» Task requirements: Your copy should match the records below exactly, except for the pictures.

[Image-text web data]
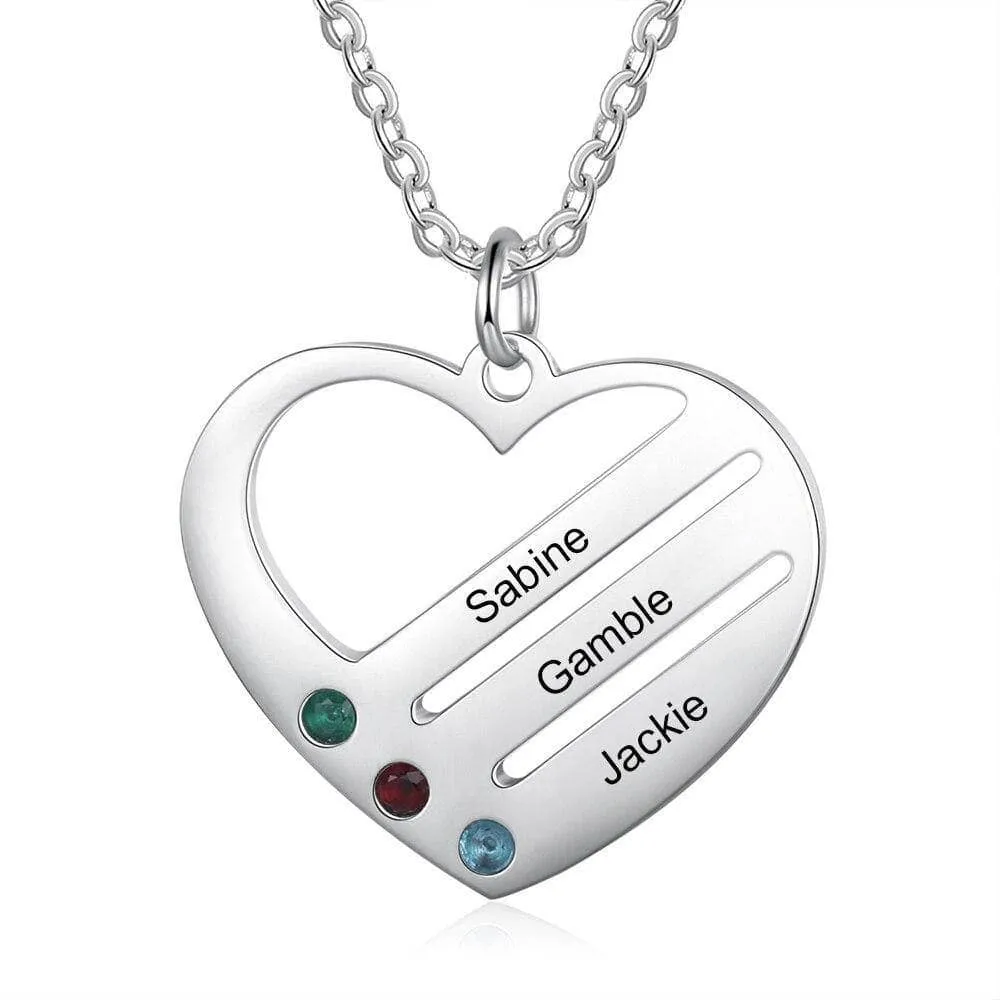 Custom Engraving 2-4 Names Heart Necklace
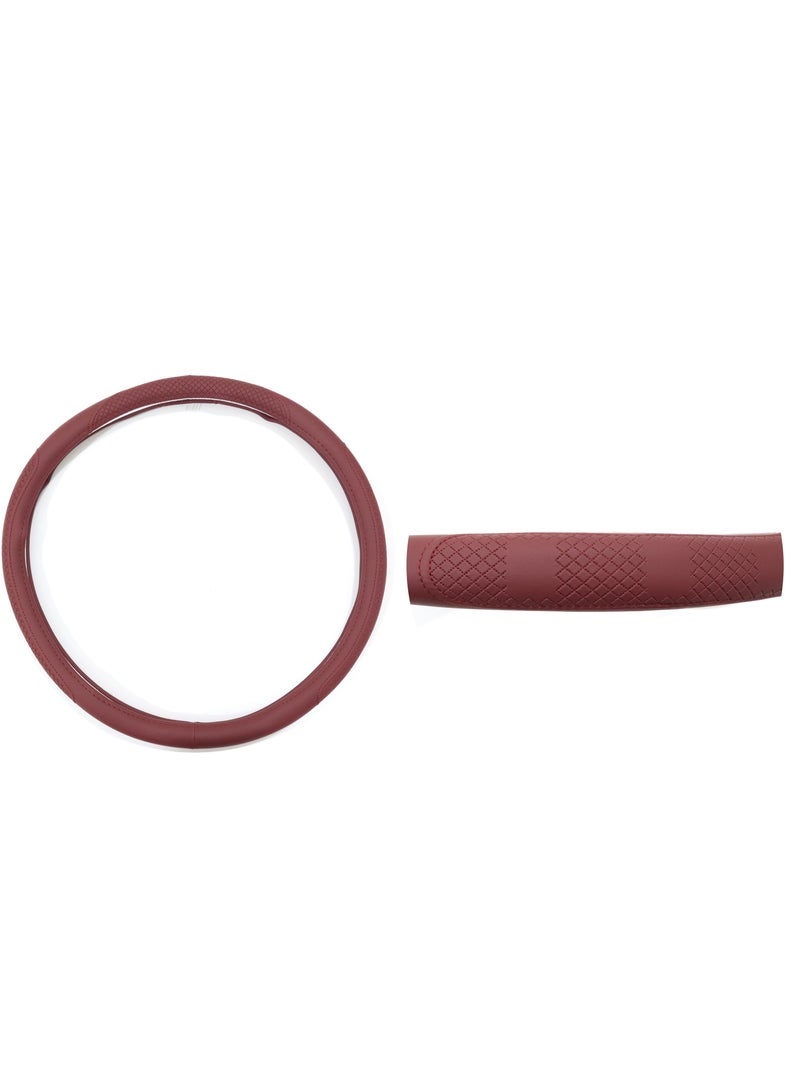 Universal Car Fit Steering Wheel Cover Soft Maroon Leather 50, Breathable & Non-Slip, Maroon Thread, 38Cm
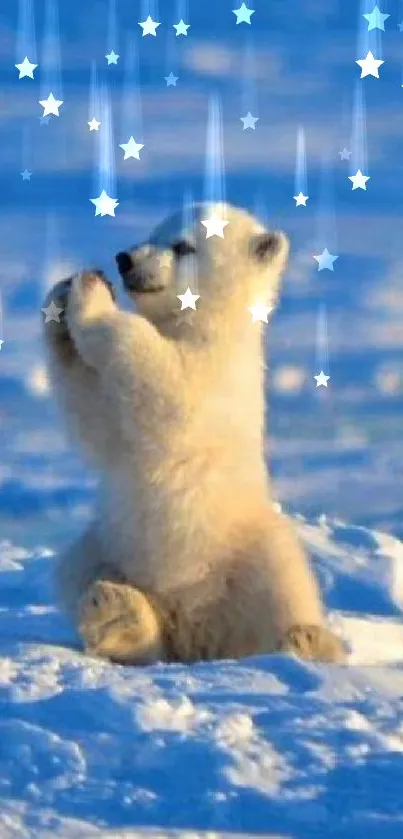 Adorable polar bear cub sitting on ice in a serene winter scene.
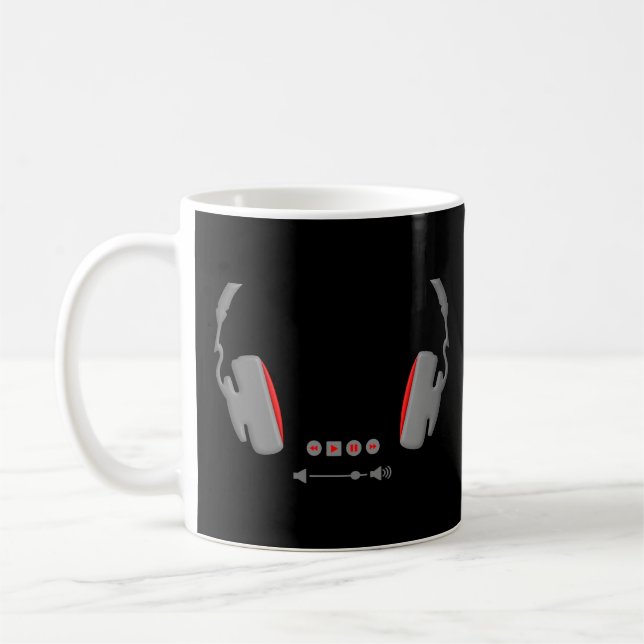 Headphones with media volume control buttons coffee mug (Left)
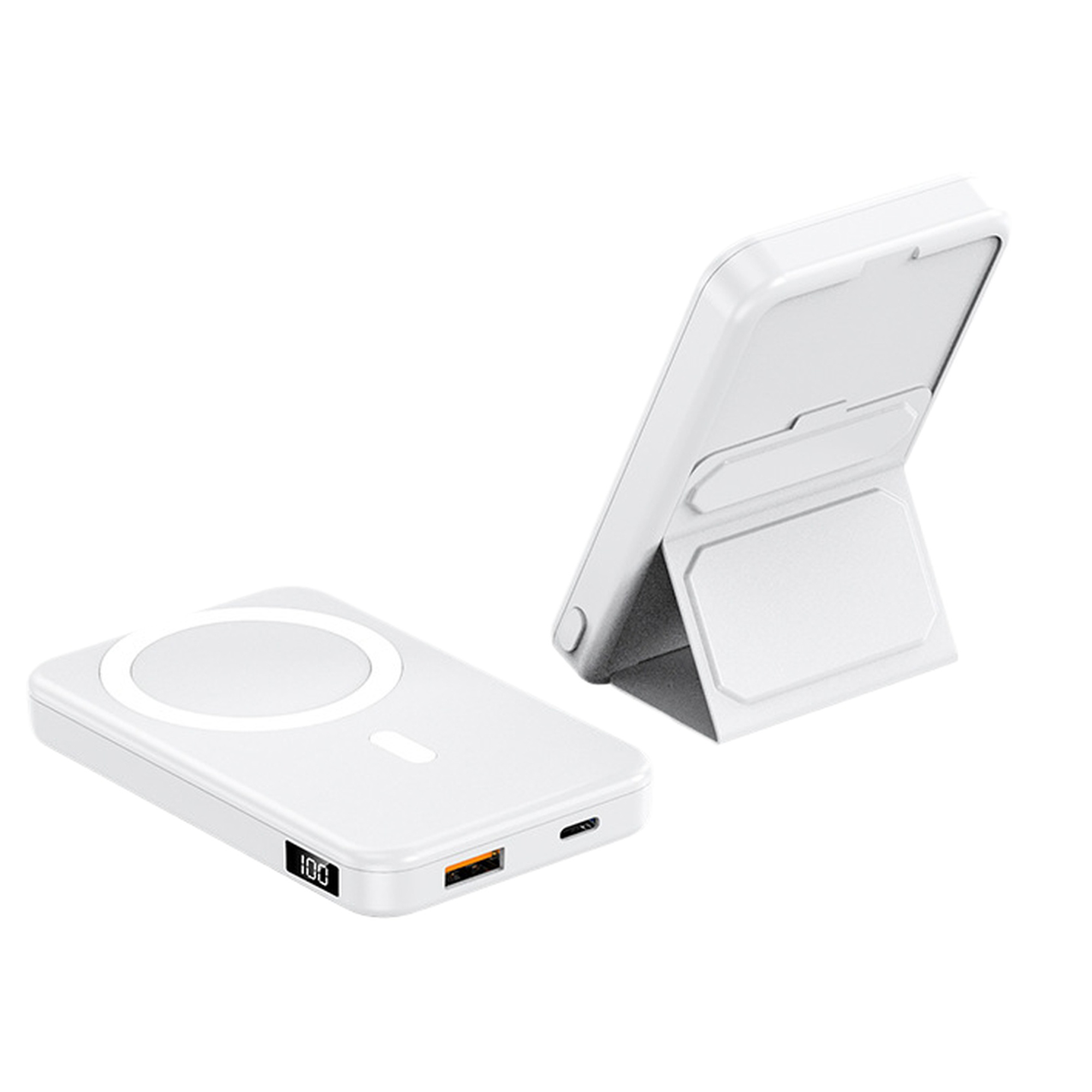 10000mAh Magnetic Wireless Power Bank with Foldable Stand for Phone Charging 3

» Answer box:
 Custom Engraving 2-4 Names Heart Necklace
 Universal Car Fit Steering Wheel Cover Soft Maroon Leather 50, Breathable & Non-Slip, Maroon Thread, 38Cm
 Adorable polar bear cub sitting on ice in a serene winter scene.
 Headphones with media volume control buttons coffee mug (Left)
 10000mAh Magnetic Wireless Power Bank with Foldable Stand for Phone Charging 3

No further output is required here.